How a Chicago theater group reinvented sexual assault prevention
CHICAGO - Anthony DiNicola ducked his head into his boss' office: Did she want a bottle of water? "Why, yes," Gail Stern replied, with a grand, winking flourish, "I mean, how did you ... "
"How did I know?" DiNicola said dramatically.
"Yes," she said, breathless.
"Well, it's as if you trained me ... "
"No," Stern broke in, rueful, "it's as if - I felt entitled!"
"Let's not talk systems of privilege," DiNicola begged, "not now!"
"Of course not," Stern sighed, "never ... "
He left and she softly pulled her door closed and ... end scene.
On a recent morning, as the nation roiled with stories of sexual harassment and abuses of power occurring from Hollywood to county legislatures, as everyday people found themselves struggling to have meaningful discussions about accountability, patriarchy, non-consensual groping and non-binary gender dynamics, at Catharsis Productions in Chicago no conversation was too trivial to become a lesson on power and sexuality, and no conversation was too solemn to solicit a laugh. It's a smoothly theatrical, irreverent bunch. The role of the exploited subordinate was played by DiNicola, the company's senior educator; and the role of the entitled manipulator was played by Stern, one of Catharsis' co-founders. Theirs was a one-off show, an improvisation among colleagues.
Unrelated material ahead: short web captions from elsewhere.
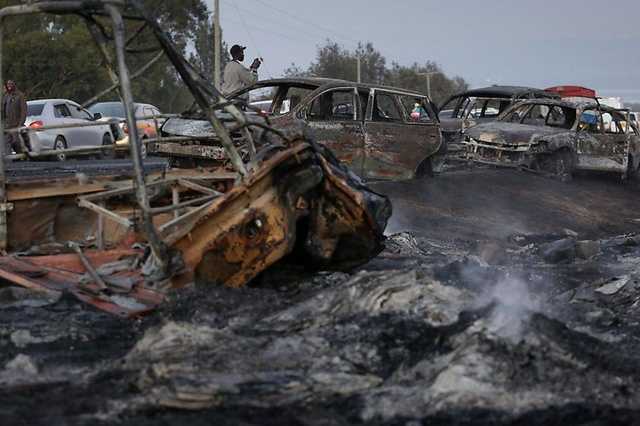 Kenya, esplode un camion: almeno 40 morti
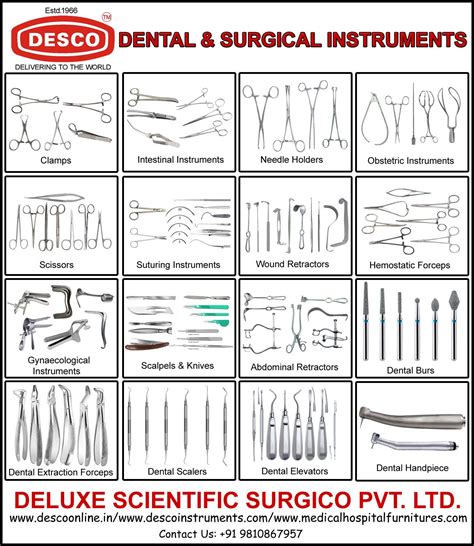 Oral Surgery Instruments With Names at Cooper Lovely blog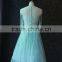 Elegant Lomg Sleeve Blue Tulle Short Sequins Evening Short Dress Cocktail Dresses(SH1013)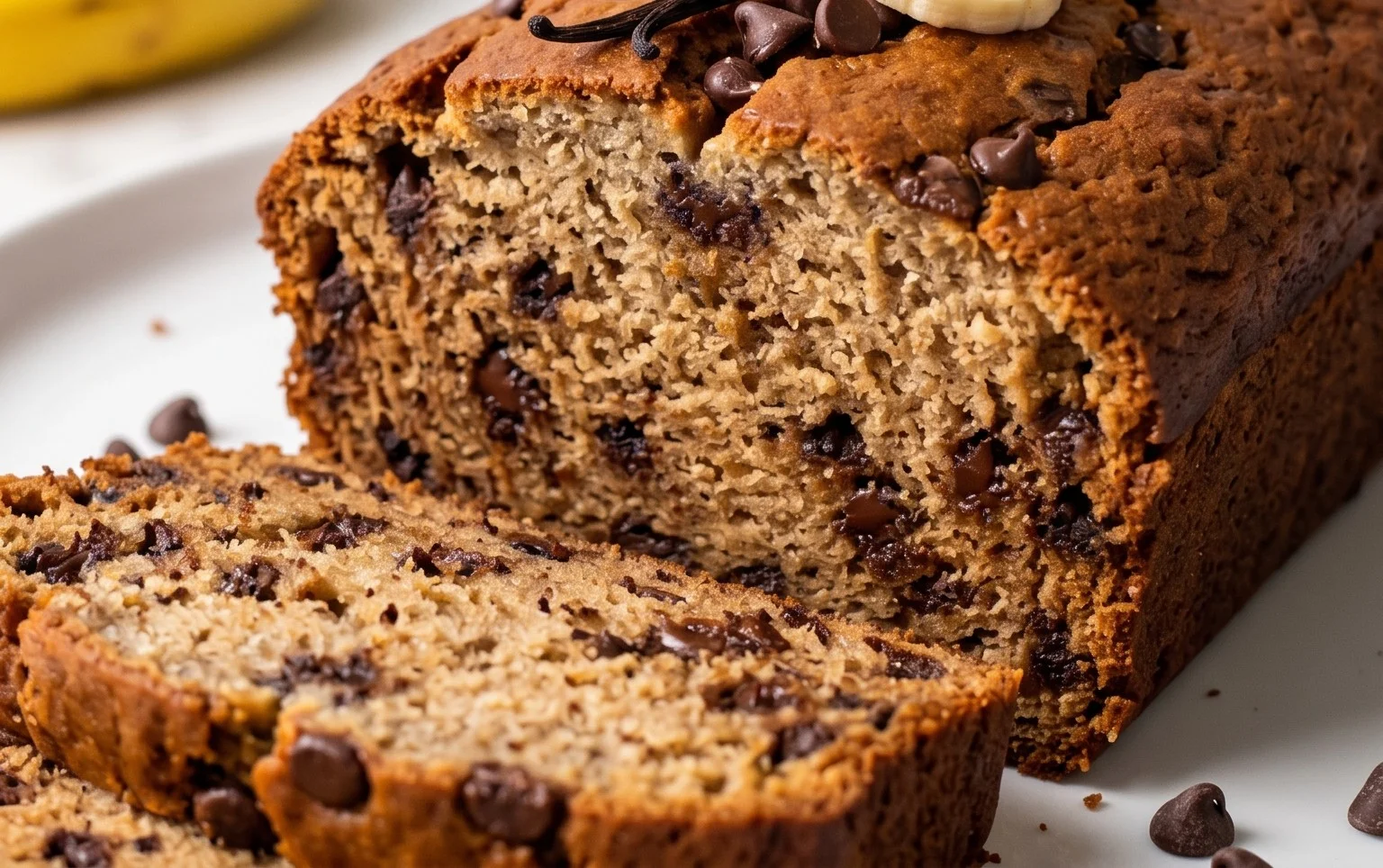 Chocolate Chip Banana Bread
Yet beneath that exchange was the role of Catharsis itself, which has never felt more prescient: For the past 17 years, with quiet momentum, the group has become one of the most sought after, and unlikely, sexual-assault prevention organizations in the country. What began as a theater company has become something quite complicated.
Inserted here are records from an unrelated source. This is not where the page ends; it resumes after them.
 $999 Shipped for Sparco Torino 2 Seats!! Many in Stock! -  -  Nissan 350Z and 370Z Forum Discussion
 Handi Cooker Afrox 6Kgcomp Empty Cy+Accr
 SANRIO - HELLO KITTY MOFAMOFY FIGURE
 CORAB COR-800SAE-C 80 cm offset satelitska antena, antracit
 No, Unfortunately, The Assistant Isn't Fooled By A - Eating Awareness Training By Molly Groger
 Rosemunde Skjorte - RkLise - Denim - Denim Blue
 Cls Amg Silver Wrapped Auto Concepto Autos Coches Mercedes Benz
One with the ear of the U.S. military. And nearly every major college in the country.
"What this moment in time feels like to me," Stern said, seriously, "is that the rest of the world is finally wrestling with, and talking about, what we've been talking about for decades. We have friends and clients and everyone now, asking us: How did it come to this?" She smiled and sat back: "There are days I feel like the rape-explainer-in-chief."